Next boat contact was as "boat show candy". Yes, this was a huge indoor boat show and I did the same for car shows, you just go and stand around and occasionally help people find someone to talk to but your primary job is to make boats (or cars) look sexy. I would try to know a little about the boats in the booth I was working for. Oh, officially they called us hostesses. I had no idea though what boating was like or how much fun it could be. You really don't get the spirit of it with a bunch of boats packed into a coliseum.

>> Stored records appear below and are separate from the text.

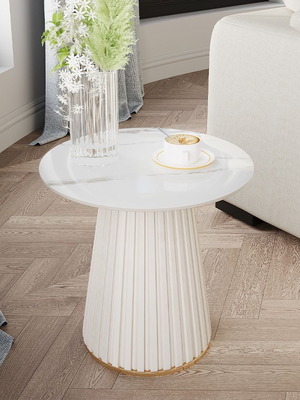 Modern luxury side table with shiny sintered stone, new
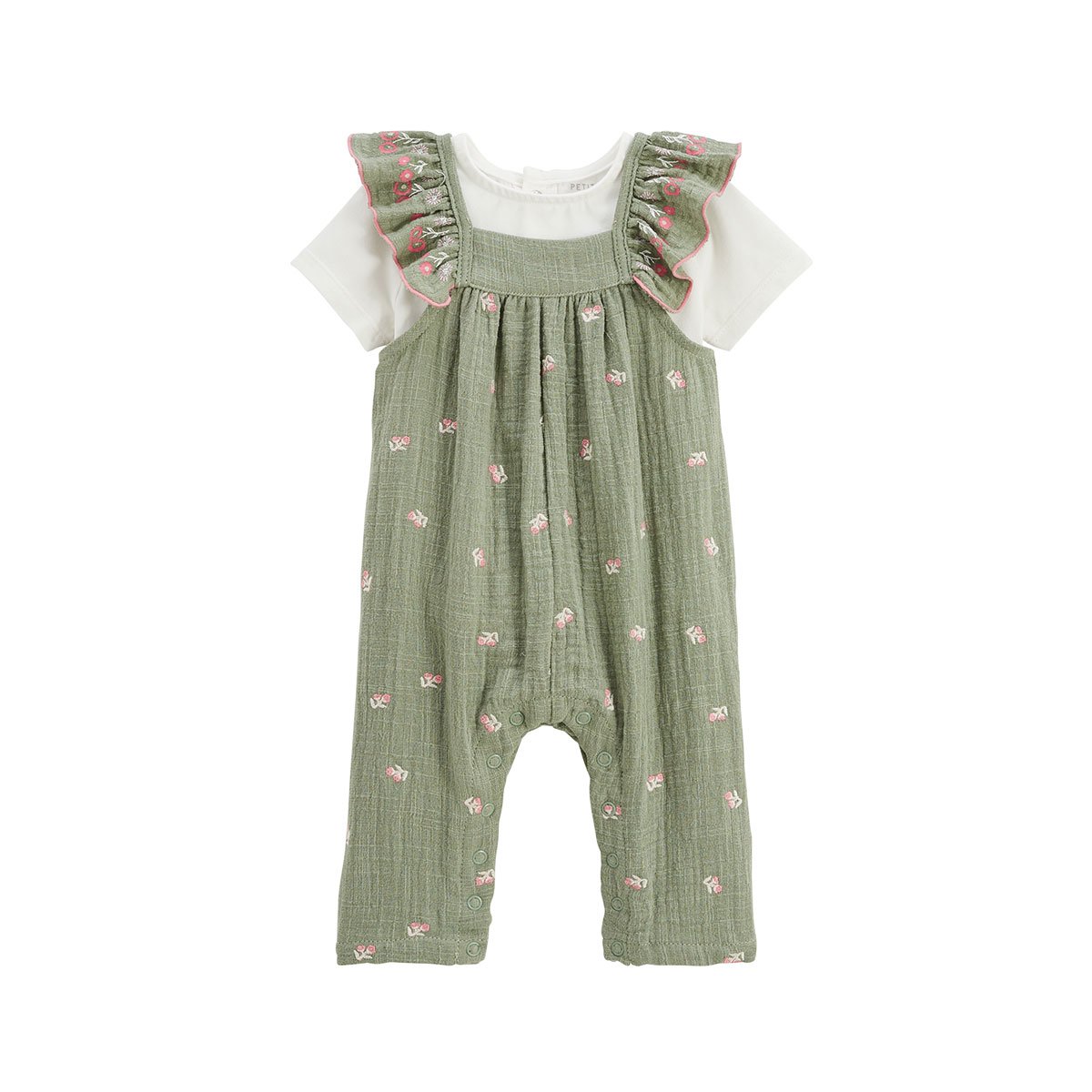 Ensemble salopette bébé en gaze de coton et t-shirt Anaelle kaki, PETIT BEGUIN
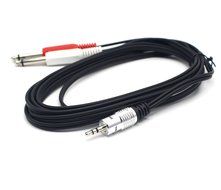 6Feet/1.8M Y Splitter cable, Duttek 3.5mm 1/8" TS Mono Male to dual 2*6.35mm 1/4" TRS Mono Male Plug Extension... N3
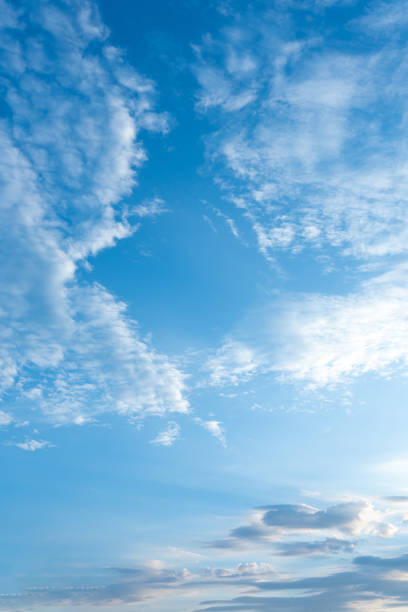 istock Serene Blue Sky with Scattered Clouds and City Skyline 2205320920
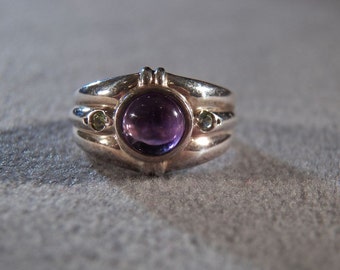 Vintage Sterling Silver Round African Amethyst 2 Peridot Fancy Bold Band Ring, Size 6 **RL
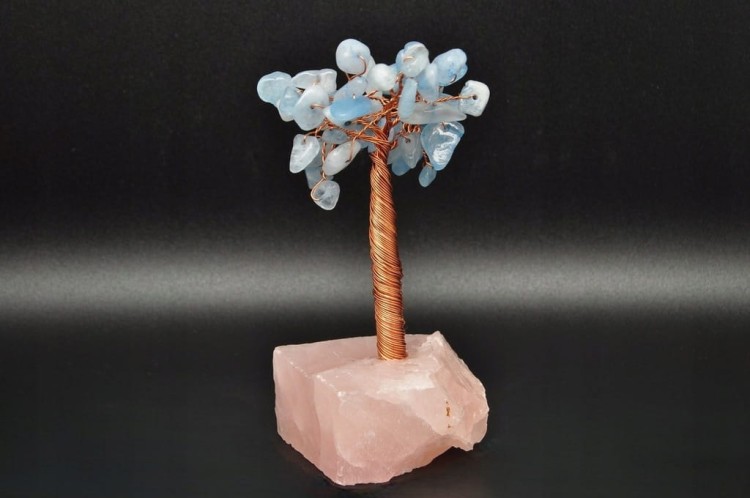 * DRZEWKO SZCZĘŚCIA CHINY KWARC RÓŻOWY KWARC NIEBIESKI PIĘKNY OKAZ NR 2 *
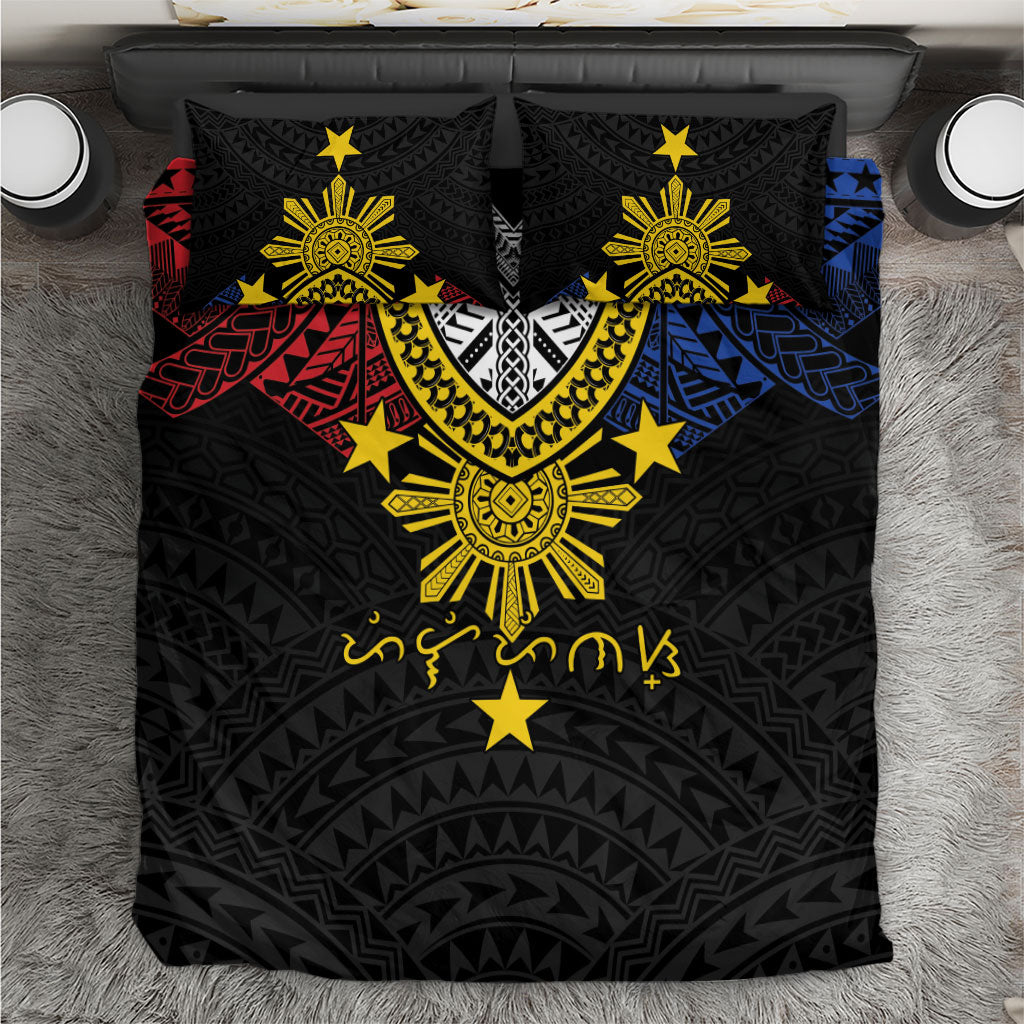 Philippines Heritage Baybayin Mix Polynesian Bedding Set LT7 Black - Polynesian Pride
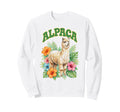 Alpaca Groovy Floral Alpaca Sweatshirt - Novelty Apparel for Adults - T-Shirt, Sweatshirt, Hoodie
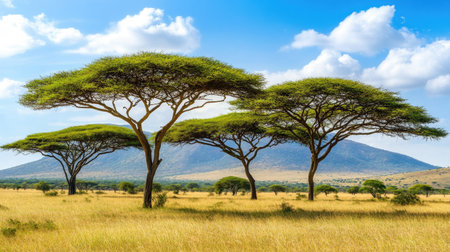 Wide shot of African acacia trees standing tall on a flat savanna, with room for copyの素材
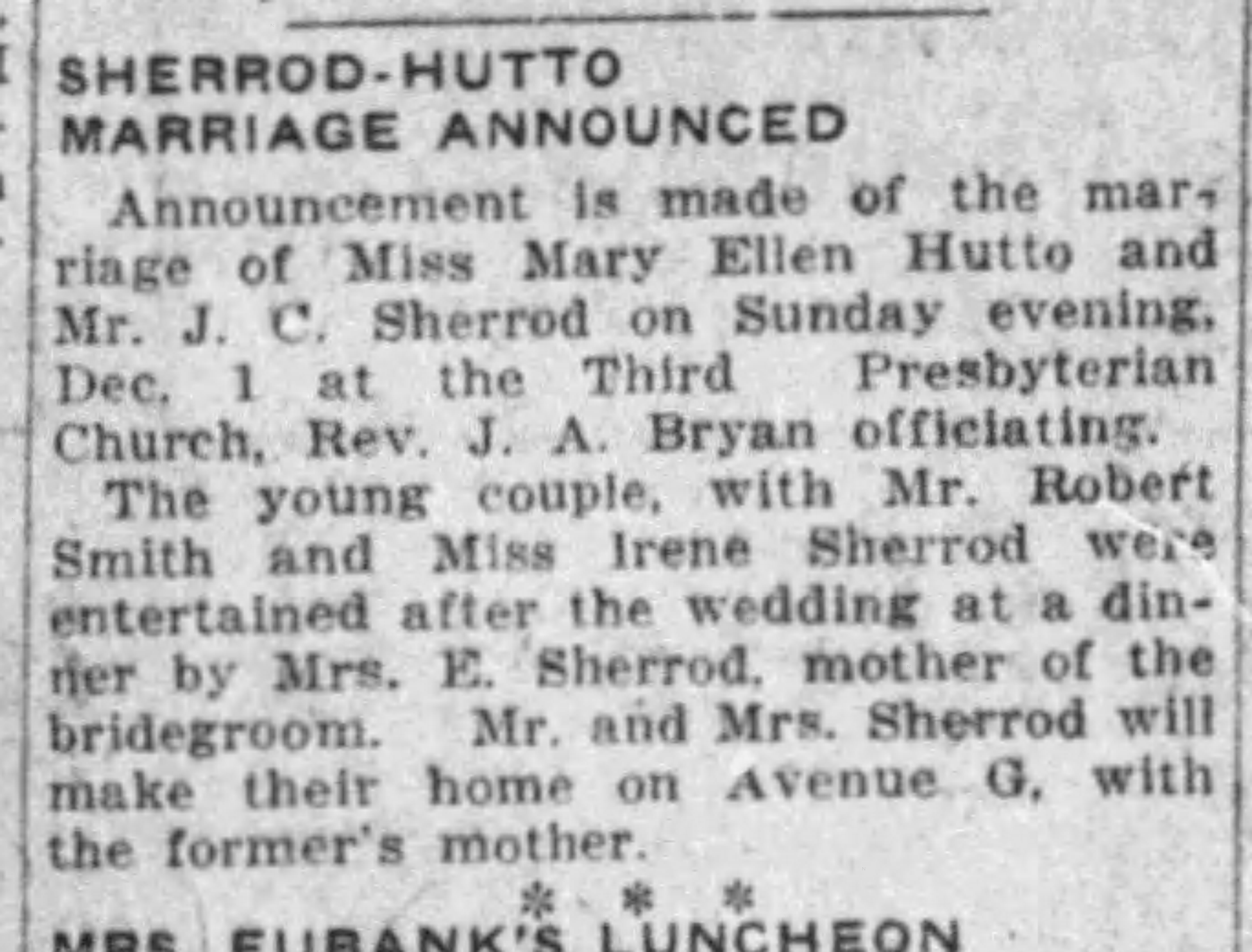 Sherrod-Hutto Marriage Announced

Then after meeting my hubby I flew to his home in NC for a weekend. I was 21 by this time. I knew how he loved boating but didn't understand it until he took me out on his boat and we explored the lake and he even let me drive it and, oh boy, did I like that. Funny thing was I'd worked booths with Cobalt Boats like his but they did nothing for me there. Sure did turn me on out on the water though, me driving, 40 mph, him making sure I didn't screw up, and to me at that time the lake was "open water." I still didn't imagine anything bigger. I thought the lake was huge and wonderful. The thought that soon I'd be able to do that regularly. :smitten:

I was hooked. It was like a guy sharing his drugs with you and getting you hooked, but it was boating. We spent at least 18 hours on the water in the two days. I was also greatly relieved that I loved his favorite pastime as much as he did. It was magical as we shared one more love but this one was huge. Our other shared loves were music, basketball, and tennis. Boating was making my perfect world with him even more perfect. :dance:

After we married and I moved there, we boated every possible chance and ultimately bought a house on the water so our boat was in our back yard. I learned to appreciate boating in so many ways. It was a freedom as the wind in your face, blowing your hair, and the water surrounding you. It was also such wonderful relaxation. That summer I wasn't working and hadn't started college yet, but I saw it's affect on him. He'd come home after a tough day and we'd get out on the lake and I could see it's effect. I'd really come to appreciate that as I did college and grad school and then taught. I remember one day when he got home around 6:00 o'clock and I kissed him and said "Boat." He looked at me and said, "Tough day?" and I nodded yes. Talking about my day could wait until we got back home later. It was as if there was some rule on the boat that we couldn't carry our stress with us. :D

I'm amazed how many of you had boats in your childhood lives. I'm sure some of you never appreciated how fortunate you were, even with the 6' canoes. I'd gone 21 years having no idea what I was missing but now can't even imagine not having a boat or boats or more boats....oh god, I'm so spoiled. I've known poverty and I've known being spoiled and I'll take spoiled. :lol:
 
from syjos : re: the El Toro.
I had forgotten about this! Another friend had an El Toro sail boat. We used to "cruise" Lake Vasona in Los Gatos Ca. One of the first times I got to steer it we sank! Great fun.
I remember getting whacked in the head more than a few times coming about.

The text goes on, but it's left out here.